He was 14 when he bought his first. He went along with two classmates from Synge Street school, Gerry Tierney and Tom Fitzpatrick, and they chipped in for a double vinyl issue by Philips of the Benny Goodman concert at Carnegie Hall in January 1938. Jazz was considered licentious stuff in the 1930s, getting no airtime on Radio Éireann.

“This was American black music designed to inflame the passions of young Irish boys and girls,” Byrne says, smiling. “And if there was one business that Radio Éireann was not in, it was the inflaming of passions.”

But a few years later, he got his first broadcast time on the station with a 15-minute Monday-night jazz show. This seems perfectly apt when you consider the controversies with which he would later light up the Irish skies: denounced by bishop of Galway Michael Browne as a purveyor of filth after he quizzed a woman about what she did or did not wear on her wedding night; bringing condoms on to the Late Late Show; discussing homosexuality; filling thousands of living rooms with the music of The Virgin Prunes back in 1979. It was as if he announced his intentions in those early jazz broadcasts.

Byrne is besotted with jazz, encyclopaedic about it, and part of the appeal of his show is that he tells the story of the players on recordings from the early 20th century. If he could transport himself anywhere, it would be to Carnegie Hall for that 1938 Benny Goodman show, when the jazz movement effectively stormed the establishment. When he explains his fascination with the form, it is obvious that the music suits his personality: precise and complex and deviating into the unexpected.

“It is whatever grabs you,” he says. “Al and I would listen to the technical proficiency and the inventiveness of the players. At its best, whatever the song is, they play the melody the first time around and then they start extemporising, and with someone like Louis Armstrong or Buck Clayton or Jack Teagarden on trombone or Teddy Weatherford on piano, it is listening to what they do off the top of their heads when they are doing their piece. And it can be ordinary or sublime, but they all have their own tricks. And that is what jazz is: what they are weaving around the tune. What is Louis going to do with this eight-bar break? It is what he weaves around the tune that makes it exciting. Will he get into something he cannot get out of?”

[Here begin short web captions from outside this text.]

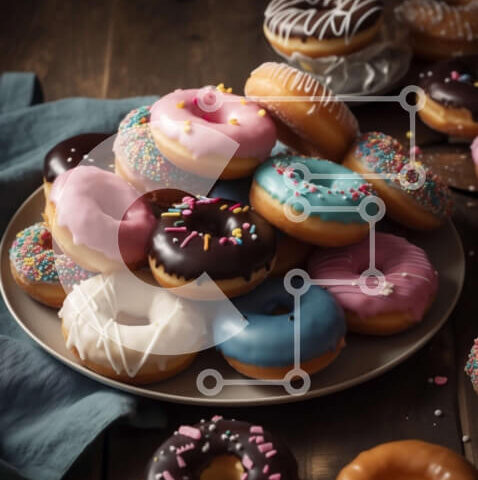 Intra Συλλεκτικό Ξύλινο Παζλ Plywood 4mm - Νόστιμα ντόνατς με πολύχρωμα πασπαλίσματα σε ξύλινο τραπέζι Σε Ξύλινο Κουτί - Διαστάσεις: 10x10 cm – 25 κομμάτια - Image 1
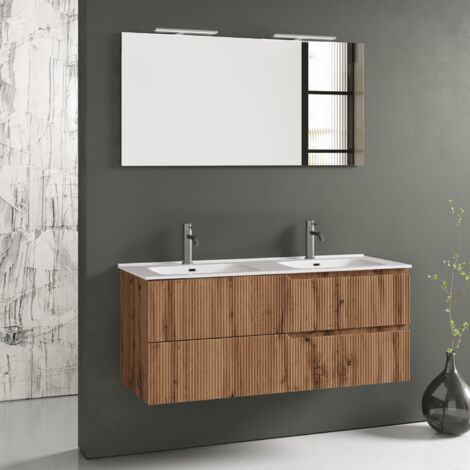 Ensemble salle de bain double vasque 5 pièces ZIP chêne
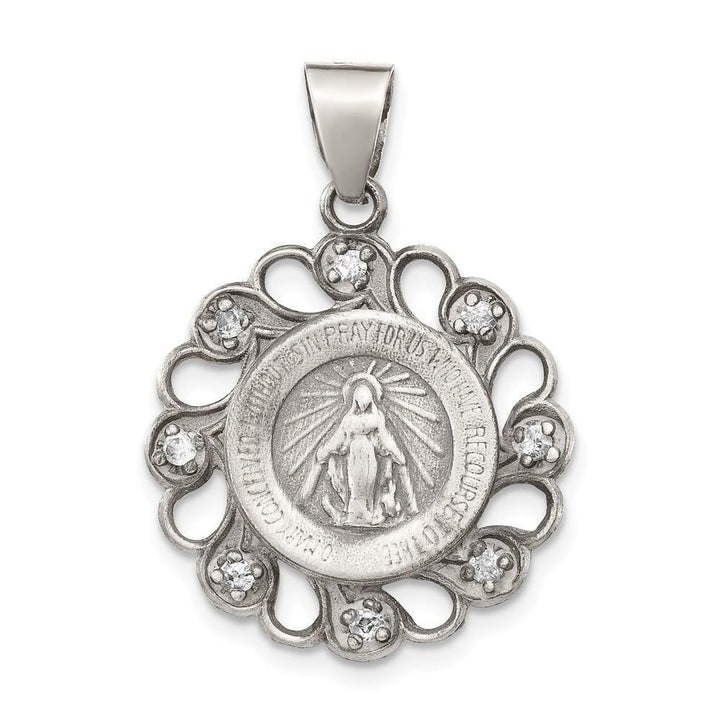 Lovely Rita's Pendants & Charms No Engraving Sterling Silver C.Z Antiqued Blessed Mother Pendant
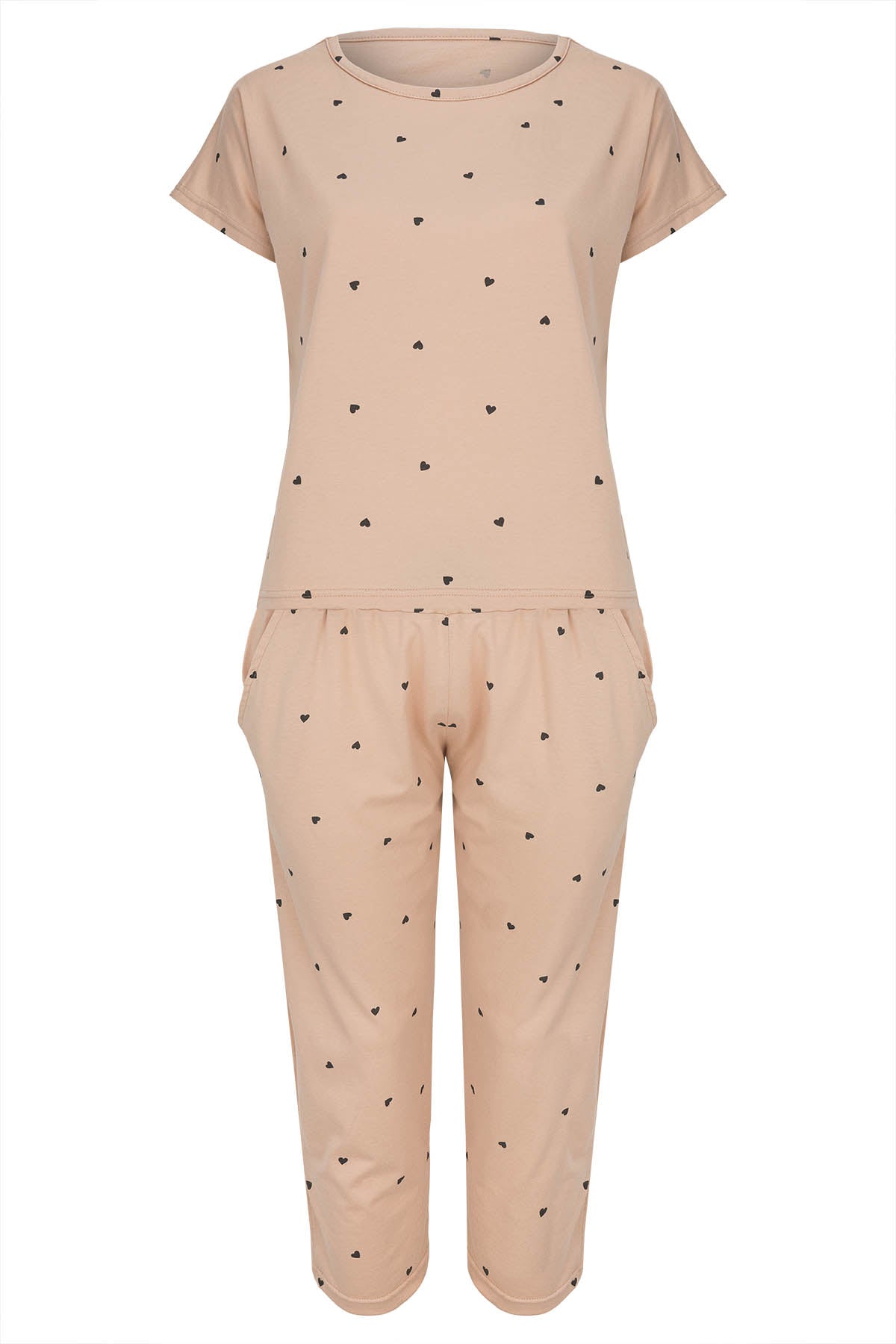 Capri-Pyjama-Damen-Beige-Herzen-Frontansicht-freigestellt
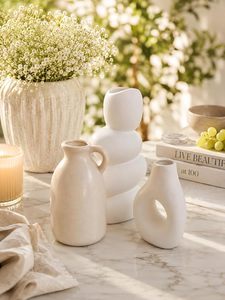Vase en céramique blanche, style minimaliste nordique, vase à fleurs pour table, carafe décorative, centre de table pour la décoration de la maison - Product Image 5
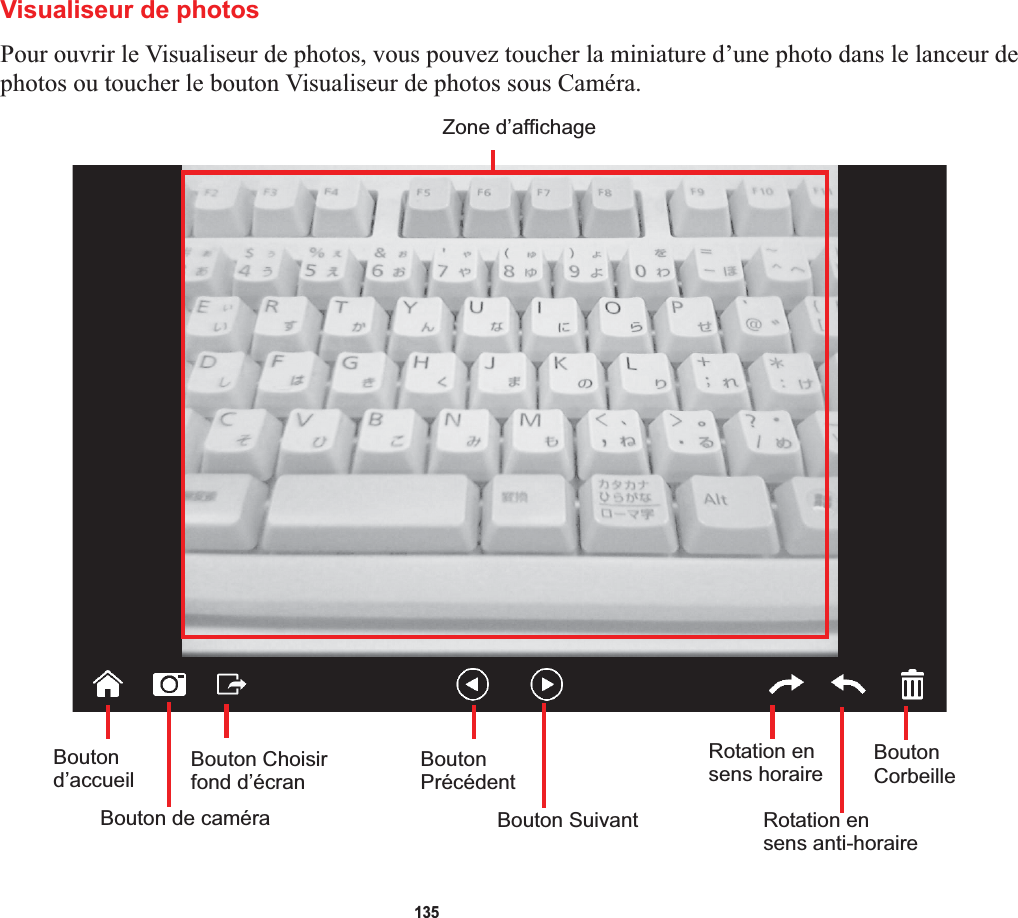 135Visualiseur de photosPour ouvrir le Visualiseur de photos, vous pouvez toucher la miniature d’une photo dans le lanceur de photos ou toucher le bouton Visualiseur de photos sous Caméra.Zone d’affichageBoutond’accueilBouton de caméraBouton Choisirfond d’écranBoutonPrécédentBouton SuivantRotation ensens horaireRotation enBoutonCorbeillesens anti-horaire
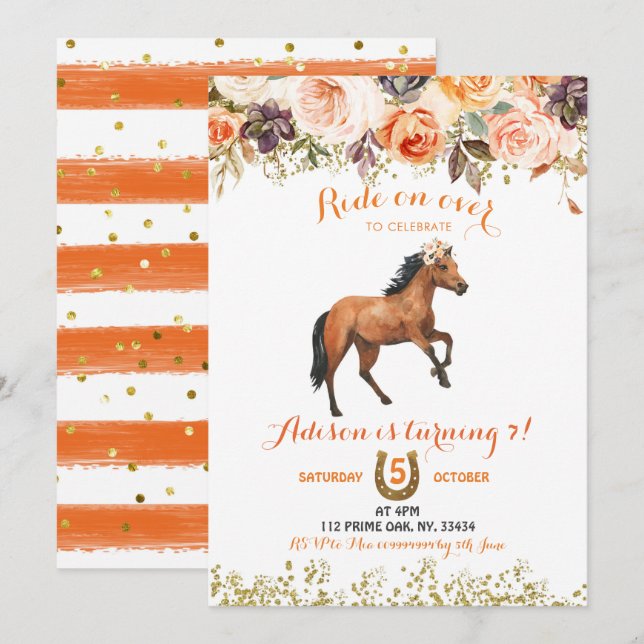 Editable Horse Cowgirl Einladung (Vorne/Hinten)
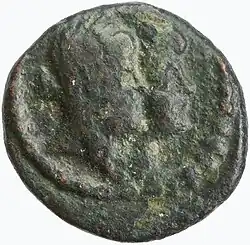Coin depicting two rulers of Syria, Cleopatra Selene and Antiochus XIII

He seems surprised at the suggestion that while much of jazz aches of being sentimental and nostalgic, he comes across as neither. “I think I am both,” he protests mildly. Perhaps he is in relation to certain values and friendships, but in terms of broadcasting he has always seemed the imperturbable, polished ringmaster. Even on his last Late Late Show, there was no concession to nostalgia. Bono, the frontman nonpareil, was more overcome when he made an honorary appearance with Larry Mullen jnr to present the host with a Harley Davidson. For Byrne to succumb to his emotions would have been inconceivably clumsy, like Fred Astaire stumbling. He kept it smooth and professional to the last. And then he left. “Yes. I see. That was then, this is now.”

He sometimes misses that contact which must be a narcotic to all radio men: the freedom to sound off every day. But the jazz show is far from a trip down memory lane: he will quote from Vanity Fairmagazine or contemporary news stories, opine on this matter or that, and joke lightly (and often blackly) about the vagaries of age and time. Death is one of the chief subjects of his television series, The Meaning of Life, on which he quizzes guests about their faith. But he remains circumspect about his own view of the afterlife.

“I am not going to say, because it would compromise me in terms of the show if people knew I had a position,” he says. “What you find is that they are all searching. No one has the truth.”

AT 76, THEsame could be said of Byrne. Of the thousands of radio hours he has lived, talk almost inevitably turns to the funereal show when he read, with the help of two actors, the letters that arrived in a blizzard in the days after Kevin O’Connor’s radio report on Ann Lovett, the Granard schoolgirl who died in 1984 while giving birth in a grotto after a secret pregnancy. Letter after letter, hand-written testaments of similar heartbreaks, of abuse, of abortion, of rape, of ruined lives and silent acceptance, the confessions that could never be uttered in a box.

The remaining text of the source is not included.